- [DATASET EXTRACT]
+---+
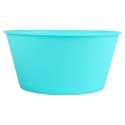 Miseczki 12,5 cm 400 ml 6 szt do Zmywarki i Mikrofali EXCELLENT HOUSEWARE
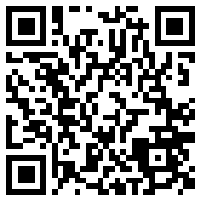 QR Code for bitcoin:bitcoin:125JpZDpFfYmwmr8QXJ3QFPAVTvxPHpDDC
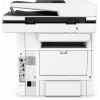 Stampante Multifunzione HP LaserJet Enterprise MFP M528f Laser Monocromatica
+---+
- [WHAT YOU ARE ASKED TO DO] With the pictures removed, write the listing out word for word.

- [EXERCISE RESPONSE]
 Miseczki 12,5 cm 400 ml 6 szt do Zmywarki i Mikrofali EXCELLENT HOUSEWARE
 QR Code for bitcoin:bitcoin:125JpZDpFfYmwmr8QXJ3QFPAVTvxPHpDDC
 Stampante Multifunzione HP LaserJet Enterprise MFP M528f Laser Monocromatica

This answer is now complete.